Imagino o que poderia oferecer a uma criança neste dia e as ideias que me ocorrem mais facilmente seriam oferecer-lhe um livro, uma viagem de comboio, uma flor ou dar-lhe a possibilidade de soprar um dente-de-leão e ver como a esfera leve e filigranada se esvanece no ar, fugazmente. Ou, então, devolver a rua aos meninos, bem como as brincadeiras com objectos simples, a bola de trapos, o aro de rústico arame, o pião bailarino como um dervixe2 ébrio na sua agitação em espiral, rodopiante. Ou, simplesmente, os sinais da areia e do pó, com barro misturado para construir castelos ou torres… Ou, enfim, levá-la à beira-mar para contemplar aquele lençol gigante em movimento que não descansa.

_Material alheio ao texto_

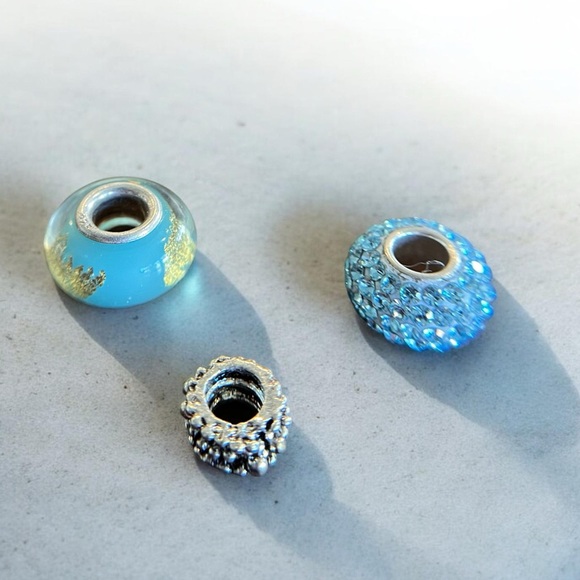 Blue bead bundle - Picture 5 of 5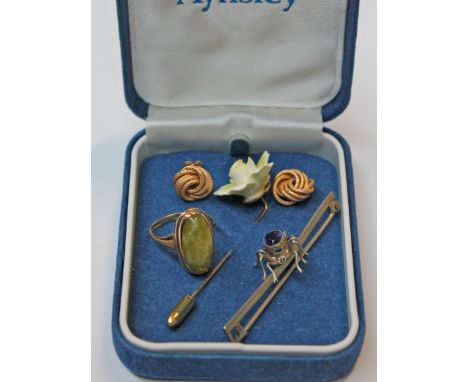 A mixed lot comprising a 9ct gold ring set with a jade colour cabochon size M and a pair of 9ct gold ear studs (one damaged),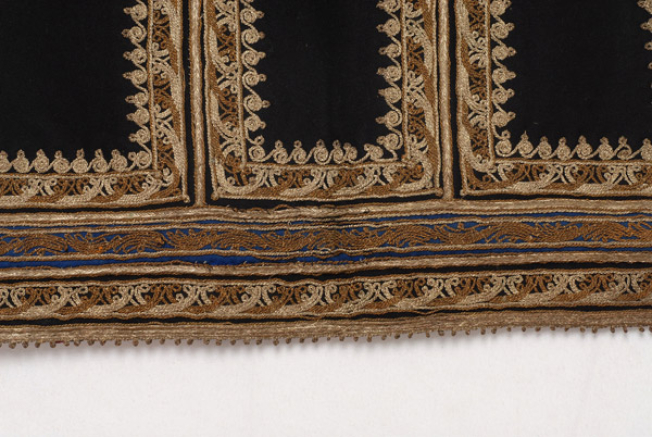 Posta, bottom part of the apron, two band shaped motifs, embroidered on blue and black felt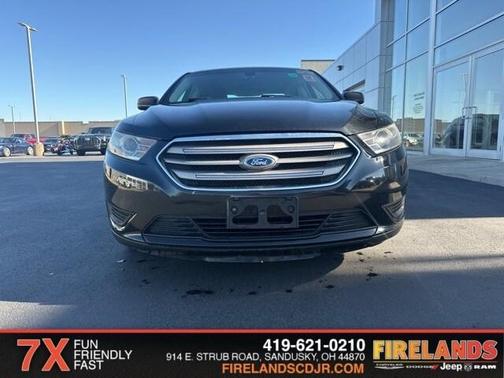 2015 Ford Taurus SE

No ano de 2015, Pedro Lemebel3 (escritor, poeta e homem de teatro chileno, já falecido) publicou uma emotiva carta dirigida a um “menino boliviano que nunca viu o mar”. Pela poesia e pela bonita mensagem, tão significativa, convido os leitores a ler o original, em Espanhol, do qual cito apenas alguns excertos:
[…] Esta es una carta dirigida a tus ojitos oblícuos que de mil maneras intentan imaginar ese gran charco azul que, no es como te lo cuenta la profesora en el colegio comparando la parte mas extensa del Titicaca, esa zona donde el cielo se recuesta sobre las aguas verde musgo, donde no hay cerros y el horizonte desaparece en esa lama esmeralda que, de alguna manera, también semeja un ojo de mar.

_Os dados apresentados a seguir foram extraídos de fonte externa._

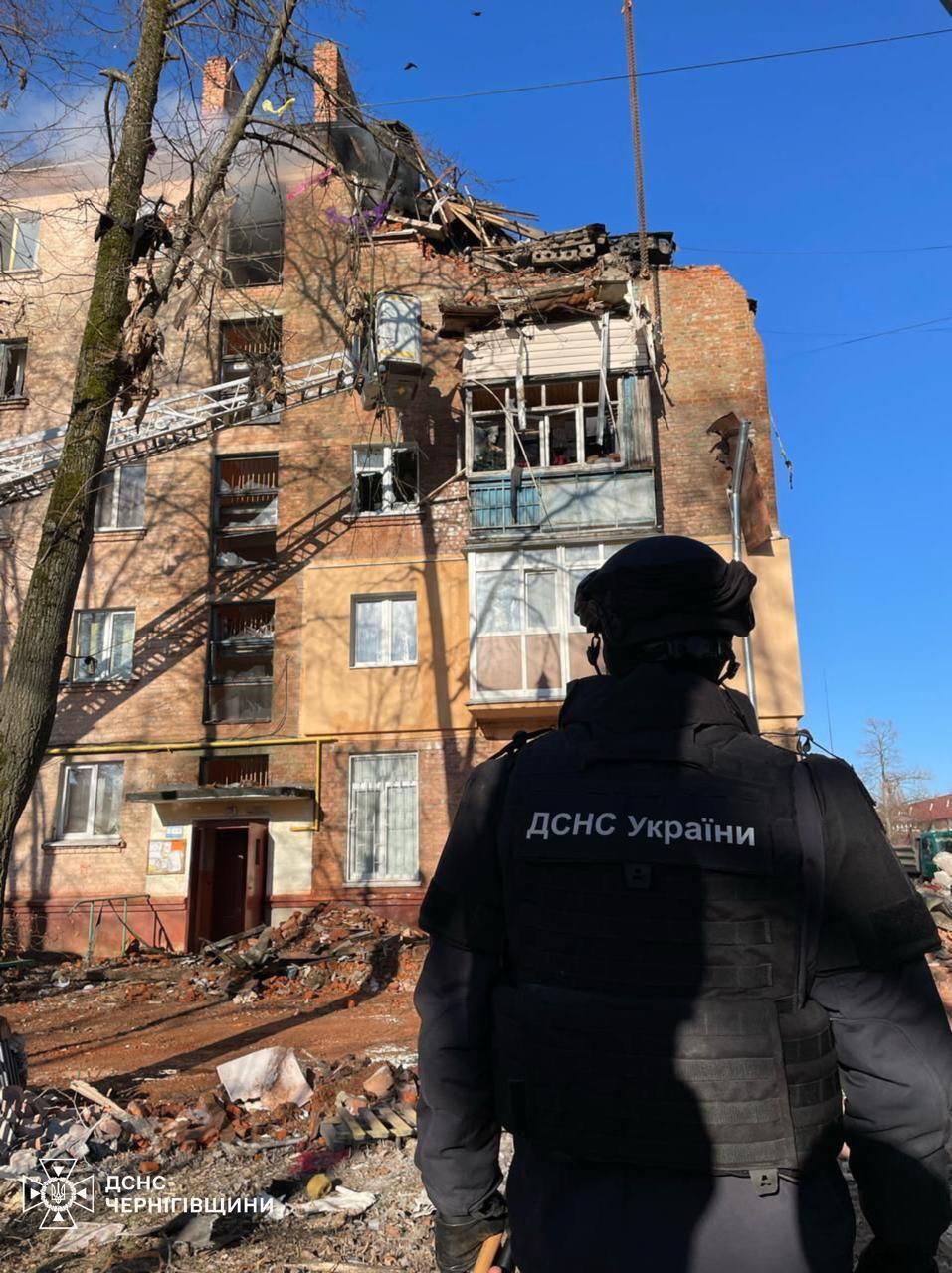 Consequences of the Russian UAV strike on a residential building in Chernihiv.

[…] pequeño niño boliviano, te puedo contar como conocí la gigante mar, y daría todo para que esta experiencia no te fuera ajena. Incluso, te regalo el metro marino que quizás me pertenece de esta larga culebra oceánica. Tanta costa para que unos pocos y ociosos ricos se abaniquen con la propiedad de las aguas.
A mensagem parece ser apenas uma, para mim, uma espécie de mea culpa, pelo roubo e despojo do mar aos bolivianos, resultado das negociações entre as duas nações vizinhas – o Chile e a Bolívia –, depois da Guerra do Pacífico.4
Mas eu pergunto-me que culpa temos nós, eu e os meus compatriotas, de uma guerra fratricida financiada por interesses forâneos que definiram novas fronteiras na América do Sul?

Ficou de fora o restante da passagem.